Angel Investors and “Super” Angels

August 31, 2010 · Filed Under Business Funding · Comment 

Angel investors have long been the backbone of early financing for startup businesses. They have stepped in when money from family and friends runs out. Angel investors have traditionally filled the gap between owner-raised investment money, and venture capital investments.

Now, however, Angels are banding together and forming more “groups” of investors—Super Angels—to raise the limits of their investments, while spreading the risk. This creates a new “grey area” where the Super Angels and Venture Capitalists overlap.

According to a recent study by the National Association of Seed and Venture Funds, the number of Super Angels has grown 40 percent just in the last year. More importantly, 51 percent of association members have indicated that they intend to invest more money in startup companies this year than they did last year.

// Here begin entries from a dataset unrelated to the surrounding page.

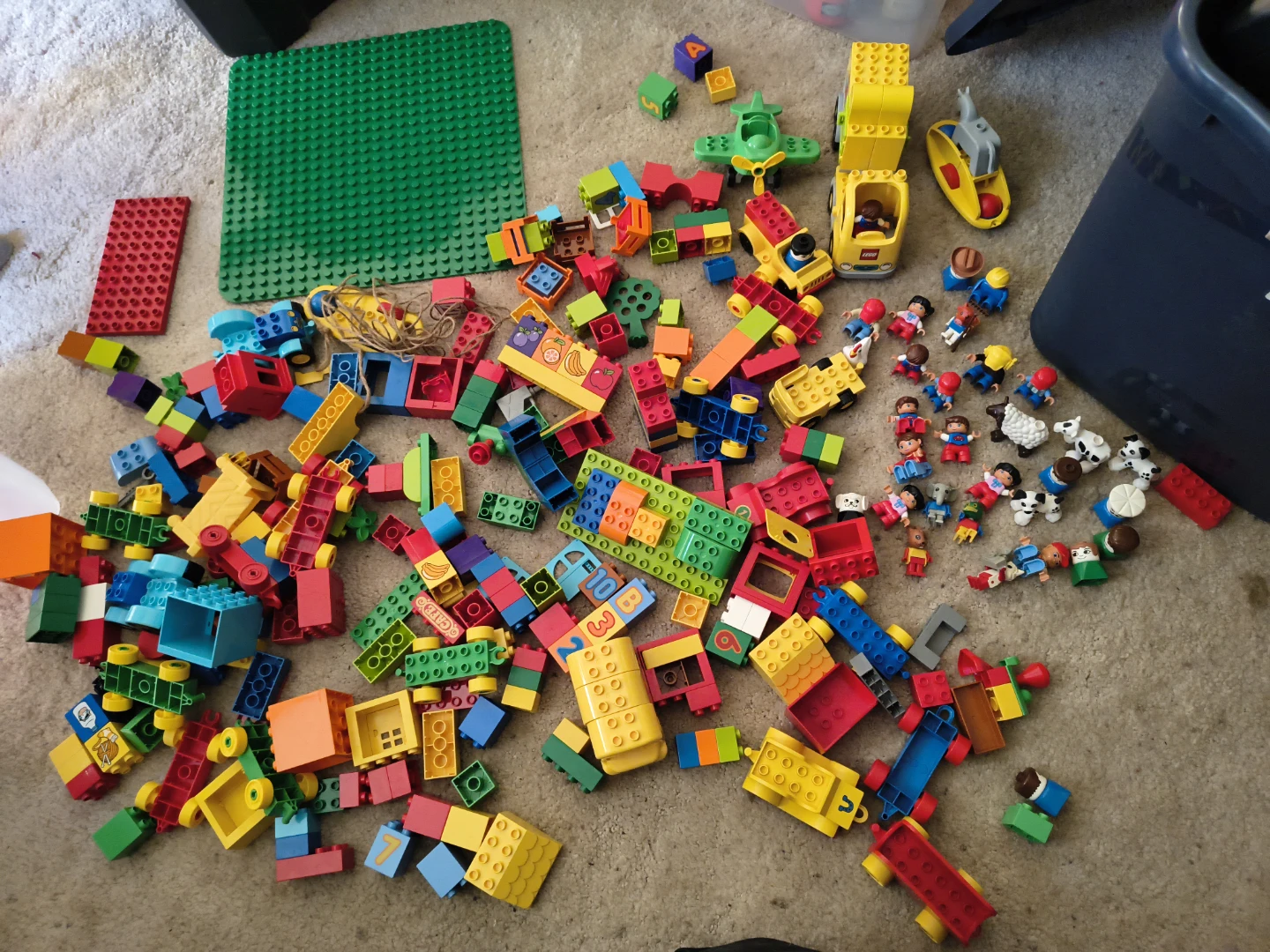 Assorted LEGO Building Blocks and Train Set Pieces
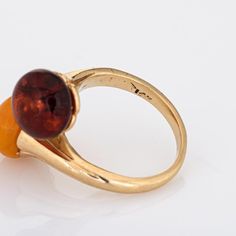 Finely detailed vintage amber ''toi et moi'' ring crafted in 14k yellow gold.   Two pieces of amber measure 9mm each. Note: slight chip to the yellow amber (visible under a 10x loupe).   The two stone design or "Toi et Moi" is a French term for "You and Me". A lovely sentiment in jewellery. The medium profile ring (8.5mm - 0.33 inches) sits comfortably on the finger. Ideal worn as an alternative engagement ring or a right hand ring for everyday wear.    The ring is in good condition and was rece Heirloom 14k Gold Amber Rings, Heirloom Amber Ring In 14k Gold, Classic Amber 14k Gold Rings, Classic 14k Gold Amber Ring, Classic Amber Ring In 14k Gold, Heirloom Amber Ring, Heirloom Amber Round Rings, Right Hand Ring, Alternative Engagement Ring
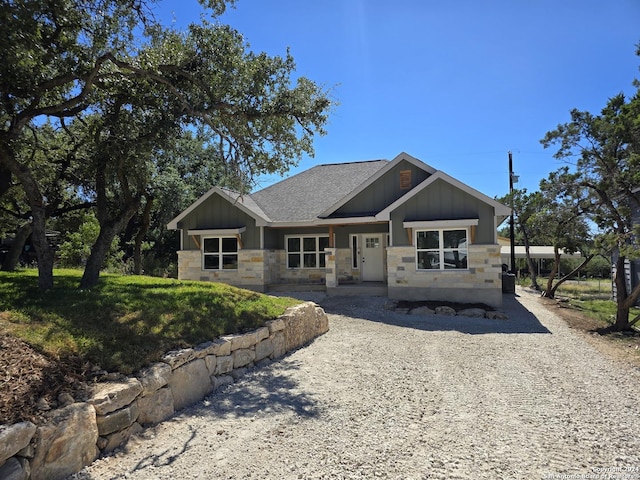 craftsman inspired home featuring stone siding, board and batten siding, and roof with shingles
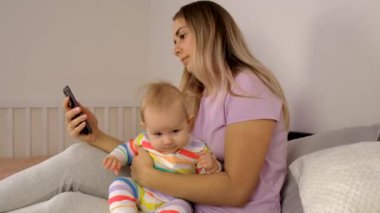 Telefonlu bir anne ve küçük bir bebek. Seçici odaklanma. çocuk.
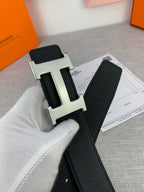 Close-up of black leather belt with textured strap and silver-tone H buckle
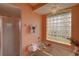 Bathroom featuring a soaking tub with a glass block window and glass shower at 1875 Oak Branch Dr, Sarasota, FL 34232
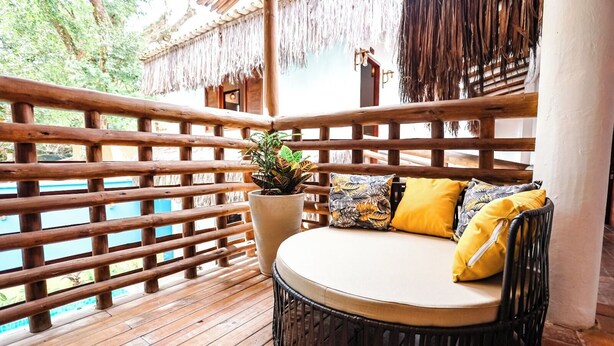 Um deck de madeira com um sofá redondo de vime, um vaso de planta e uma estrutura de telhado de palha.
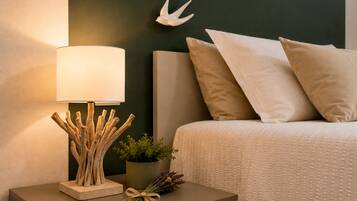Un lit bien fait, avec une tête de lit blanche, une lampe de chevet à la base en bois et une petite plante en pot posée sur la table de chevet.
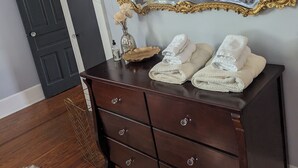 Un dormitorio con un espejo grande y ornamentado, un aparador de madera oscura con toallas, una alfombra mullida y una ventana con cortinas.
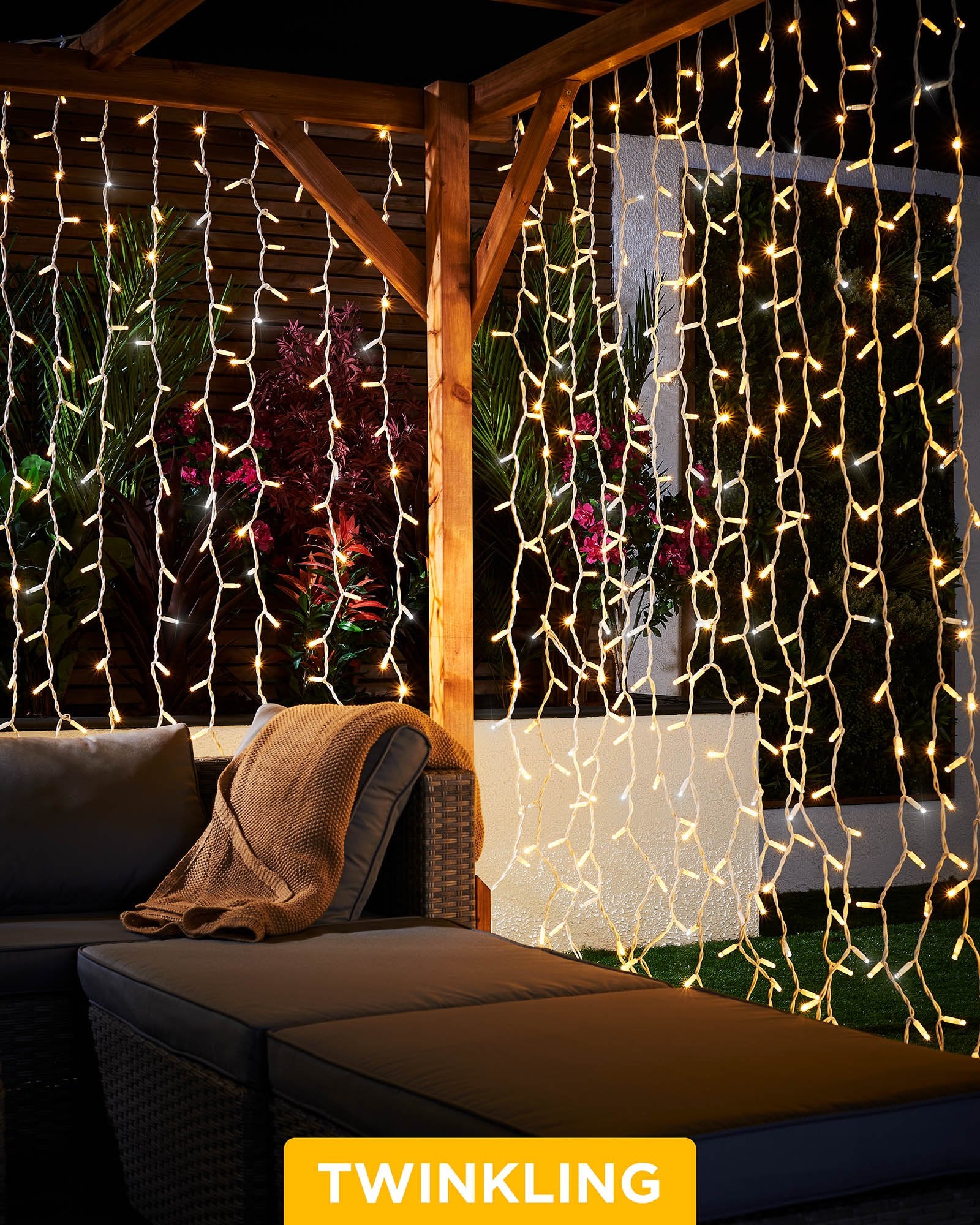 Warm white and white curtain lights with a 2.5m drop displayed around an outdoor patio seating area.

This is good news for entrepreneurs—as long as you are properly prepared to fast-track the growth of your business. Super Angles want to see a strong management team that can make the most of their investment money. Neither Angels, nor Super Angels will invest in just an “idea”—they want the entrepreneur(s) to be operating and have some skin in the game already.

In addition, your business needs to have the potential for explosive growth to tens of millions of dollars in revenue in just a few years. Also, you will need to convince a Super Angel that you can return three to five times their investment within five years—usually through acquisition.

This is good news for high-potential startups, but you will need to prepare well before you meet with investors. Even though there is investment money available, there is tremendous competition seeking it…so you better bring your “A” game.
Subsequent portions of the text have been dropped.